The ISS orbits at an average altitude of about 250 miles (400 kilometers). That’s close enough that Earth’s gravity is still roughly 90% of what you feel standing on the surface. If you could build a tower 250 miles tall and stand on it, you’d feel noticeably lighter, but you’d still very much feel pulled downward. The difference between standing on that tower and floating inside the ISS is that the tower holds you up. The station doesn’t hold you up because it’s falling right alongside you.

This is why NASA prefers the term “microgravity” over “zero gravity.” Gravity isn’t gone. The tiny residual forces on the station (from atmospheric drag, vibrations, and slight differences in gravitational pull across the station’s length) create an environment where the effective gravity is about one-millionth of what you feel on Earth’s surface. That’s not zero, but it’s close enough that everything behaves as though gravity has vanished.

How Liquids and Objects Behave Differently

On Earth, gravity dominates the way liquids move. Pour water and it falls into a glass, settles flat on top, and stays put. In microgravity, the forces that normally play second fiddle to gravity suddenly take over. Surface tension, the tendency of water molecules to stick together, becomes the dominant force shaping liquid behavior. Water forms floating spheres instead of puddles, and liquids creep along surfaces in ways that look strange compared to anything on the ground.

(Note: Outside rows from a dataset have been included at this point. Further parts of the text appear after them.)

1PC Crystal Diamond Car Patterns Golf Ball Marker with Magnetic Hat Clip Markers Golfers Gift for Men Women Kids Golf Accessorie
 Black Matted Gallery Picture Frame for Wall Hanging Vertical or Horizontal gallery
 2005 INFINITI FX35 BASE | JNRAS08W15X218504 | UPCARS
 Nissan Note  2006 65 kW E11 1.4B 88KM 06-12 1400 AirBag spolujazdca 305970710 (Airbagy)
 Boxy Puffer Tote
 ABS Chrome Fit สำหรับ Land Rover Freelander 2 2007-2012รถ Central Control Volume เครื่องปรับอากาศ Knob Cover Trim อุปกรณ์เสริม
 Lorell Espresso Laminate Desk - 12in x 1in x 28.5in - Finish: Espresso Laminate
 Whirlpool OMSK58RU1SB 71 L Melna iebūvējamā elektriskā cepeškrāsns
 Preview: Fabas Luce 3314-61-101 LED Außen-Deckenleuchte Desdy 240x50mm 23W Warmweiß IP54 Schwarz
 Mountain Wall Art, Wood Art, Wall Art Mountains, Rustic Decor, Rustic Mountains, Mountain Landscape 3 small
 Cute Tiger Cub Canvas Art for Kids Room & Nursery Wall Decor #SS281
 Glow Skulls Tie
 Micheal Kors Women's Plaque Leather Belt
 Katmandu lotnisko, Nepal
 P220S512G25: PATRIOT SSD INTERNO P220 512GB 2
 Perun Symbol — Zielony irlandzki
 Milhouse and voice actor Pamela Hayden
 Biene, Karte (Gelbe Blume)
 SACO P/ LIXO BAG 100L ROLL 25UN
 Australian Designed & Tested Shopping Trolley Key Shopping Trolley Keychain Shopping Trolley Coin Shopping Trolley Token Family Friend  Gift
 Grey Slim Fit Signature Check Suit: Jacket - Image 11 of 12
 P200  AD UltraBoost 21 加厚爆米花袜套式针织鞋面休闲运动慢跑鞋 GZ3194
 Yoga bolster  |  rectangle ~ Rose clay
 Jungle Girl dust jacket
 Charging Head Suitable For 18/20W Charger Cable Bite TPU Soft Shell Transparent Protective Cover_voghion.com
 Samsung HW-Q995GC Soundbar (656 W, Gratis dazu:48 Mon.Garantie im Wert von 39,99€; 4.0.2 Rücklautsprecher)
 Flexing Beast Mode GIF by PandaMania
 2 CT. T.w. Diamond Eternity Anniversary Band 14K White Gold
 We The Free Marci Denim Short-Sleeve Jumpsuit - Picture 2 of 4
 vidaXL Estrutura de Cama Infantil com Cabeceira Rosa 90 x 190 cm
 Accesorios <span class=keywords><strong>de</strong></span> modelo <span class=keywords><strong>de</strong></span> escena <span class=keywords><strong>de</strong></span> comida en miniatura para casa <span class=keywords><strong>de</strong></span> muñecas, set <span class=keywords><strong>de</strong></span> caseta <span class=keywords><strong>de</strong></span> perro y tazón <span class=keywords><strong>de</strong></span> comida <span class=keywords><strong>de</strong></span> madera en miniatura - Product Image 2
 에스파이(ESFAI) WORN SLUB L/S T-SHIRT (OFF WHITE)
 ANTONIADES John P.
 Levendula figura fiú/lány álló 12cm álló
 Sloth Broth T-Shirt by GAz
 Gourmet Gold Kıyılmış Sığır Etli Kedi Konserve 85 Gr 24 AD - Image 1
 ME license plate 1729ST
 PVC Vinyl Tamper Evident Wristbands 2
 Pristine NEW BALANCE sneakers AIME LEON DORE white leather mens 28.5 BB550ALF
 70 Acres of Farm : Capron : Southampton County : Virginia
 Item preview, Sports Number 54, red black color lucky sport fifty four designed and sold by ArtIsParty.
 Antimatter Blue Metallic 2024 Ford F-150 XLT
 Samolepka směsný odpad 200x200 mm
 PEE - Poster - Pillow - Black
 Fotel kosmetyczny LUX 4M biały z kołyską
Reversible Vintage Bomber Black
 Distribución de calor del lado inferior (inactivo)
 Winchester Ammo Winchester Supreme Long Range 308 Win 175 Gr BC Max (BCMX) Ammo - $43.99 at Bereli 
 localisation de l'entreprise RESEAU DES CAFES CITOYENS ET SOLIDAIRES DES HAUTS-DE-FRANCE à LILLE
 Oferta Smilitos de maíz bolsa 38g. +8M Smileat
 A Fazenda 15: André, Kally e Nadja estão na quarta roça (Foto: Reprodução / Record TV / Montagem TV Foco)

This happens because gravitational forces depend on a liquid’s volume, while surface tension forces depend on its surface area. On Earth, volume wins for any reasonably sized amount of liquid. In freefall, with effective gravity nearly eliminated, surface tension wins instead. It’s not that the physics has changed. The same forces exist in both places. Freefall just reshuffles which ones matter most.

What Weightlessness Does to the Body

Your body is built to fight gravity every day. Your bones stay dense because they bear your weight. Your muscles stay strong because they work against the constant downward pull. Your cardiovascular system pumps blood upward against gravity to reach your brain. Remove that load, and the body starts adapting in ways that aren’t helpful for a return to Earth.

Bones lose between 1% and 1.5% of their density each month during missions lasting four to six months. That’s a rate roughly ten times faster than osteoporosis on Earth. The bones that bear the most weight on the ground, particularly in the hips and spine, lose density the fastest. Muscles atrophy as well, especially in the legs and back, since those muscles no longer have to support the body against gravity.

Astronauts on the ISS exercise about two hours a day using specially designed resistance machines and a treadmill with harnesses that pull them toward the running surface. This routine doesn’t fully prevent bone and muscle loss, but it slows it significantly and makes the transition back to Earth’s gravity less jarring.

The Station Slowly Loses Altitude

Even at 250 miles up, the ISS isn’t completely above Earth’s atmosphere. A thin wisp of air molecules creates drag on the station, gradually slowing it down. As it loses speed, it also loses altitude, spiraling slightly closer to Earth over time. Without intervention, the station would eventually descend into thicker atmosphere and burn up.

To prevent this, the ISS receives periodic reboosts, where visiting spacecraft or onboard thrusters fire to push the station back to a higher orbit. The frequency of these reboosts depends on how quickly the station is losing altitude, which varies with solar activity (the sun heats the upper atmosphere, causing it to expand and increase drag). This ongoing maintenance keeps the station in its perpetual state of freefall at the right altitude and speed.